TiredOldCrow t1_iuzp1y3 wrote on November 4, 2022 at 5:00 AM

I appreciate that the legendary "fast inverse square root" code from Quake 3 gets produced verbatim, comments and all, if you start with "float Q_rsqrt".

float Q_rsqrt( float number )
{
	long i;
	float x2, y;
	const float threehalfs = 1.5F;

	x2 = number * 0.5F;
	y  = number;
	i  = * ( long * ) &amp;y;                       // evil floating point bit level hacking
	i  = 0x5f3759df - ( i &gt;&gt; 1 );               // what the fuck? 
	y  = * ( float * ) &amp;i;
	y  = y * ( threehalfs - ( x2 * y * y ) );   // 1st iteration
//	y  = y * ( threehalfs - ( x2 * y * y ) );   // 2nd iteration, this can be removed

	return y;
}

I'm interested in how practical it will be for a motivated attacker to poison a code generation models with vulnerable code. Also curious to what extent these models produce code that only works with outdated and vulnerable dependencies -- a problem you'll also run into if you naively copy old StackOverflow posts. I've recently been working on threat models in natural language generation, but it seems like threat models in code generation are also going to be interesting.

Edit: Not John Carmack!

ClearlyCylindrical t1_iv0d7hp wrote on November 4, 2022 at 10:36 AM

the q_rsqrt being produced verbatim is probably due to identical code existing in many areas of the training data.

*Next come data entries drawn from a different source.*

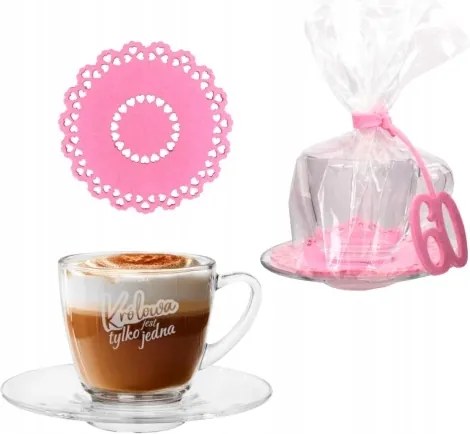 Csésze filc alátét szett 60 Születésnap A királynő csak egy van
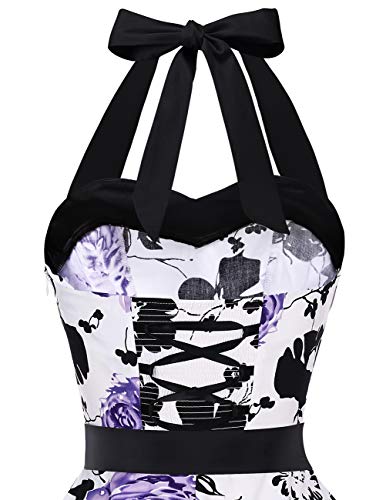 Image of DRESSTELLS Women's Vintage 1950s Cocktail Dress, Retro Tea Party Halter Swing Dresses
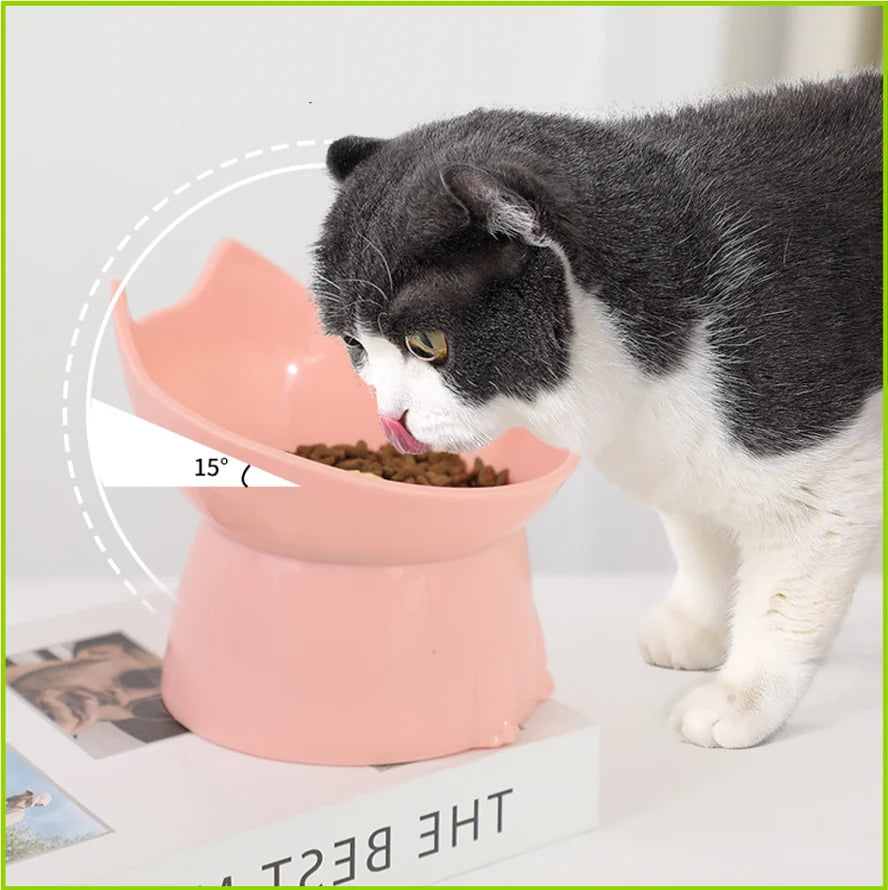 Gatto che mangia dalla ciotola rialzata
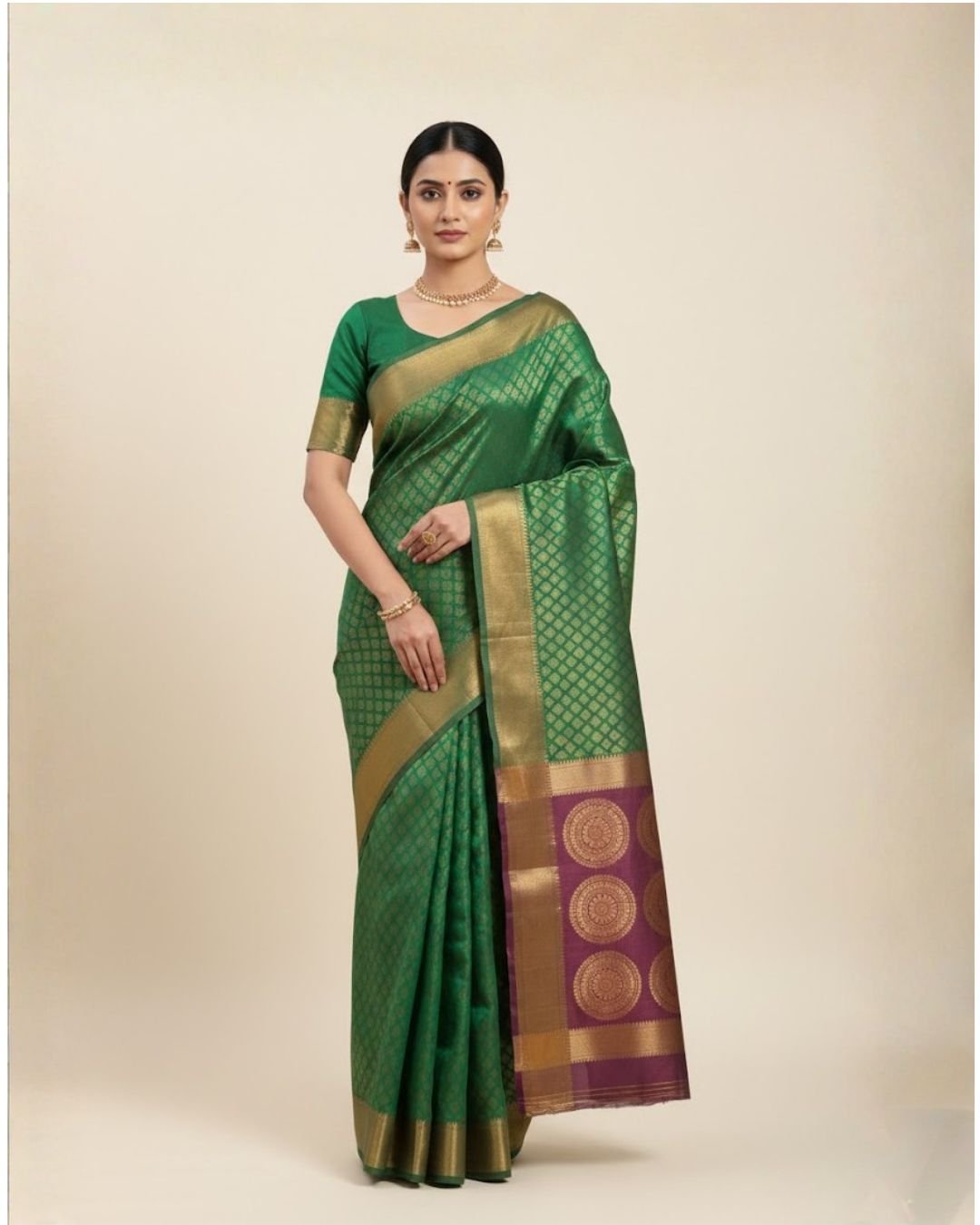 Emerald Green Brocade Silk Saree with Antique Copper Zari Border - Image 2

dojoteef t1_iv0hfoe wrote on November 4, 2022 at 11:25 AM

Slightly off-topic: I'm a huge John Carmack fan, but he isn't the author of that code. It's just part of engine code that his company released for the game Quake 3 Arena. For details, check out:

https://www.beyond3d.com/content/articles/8/

TiredOldCrow t1_iv0s1bg wrote on November 4, 2022 at 1:02 PM

Great read, thanks for that. Updated the comment.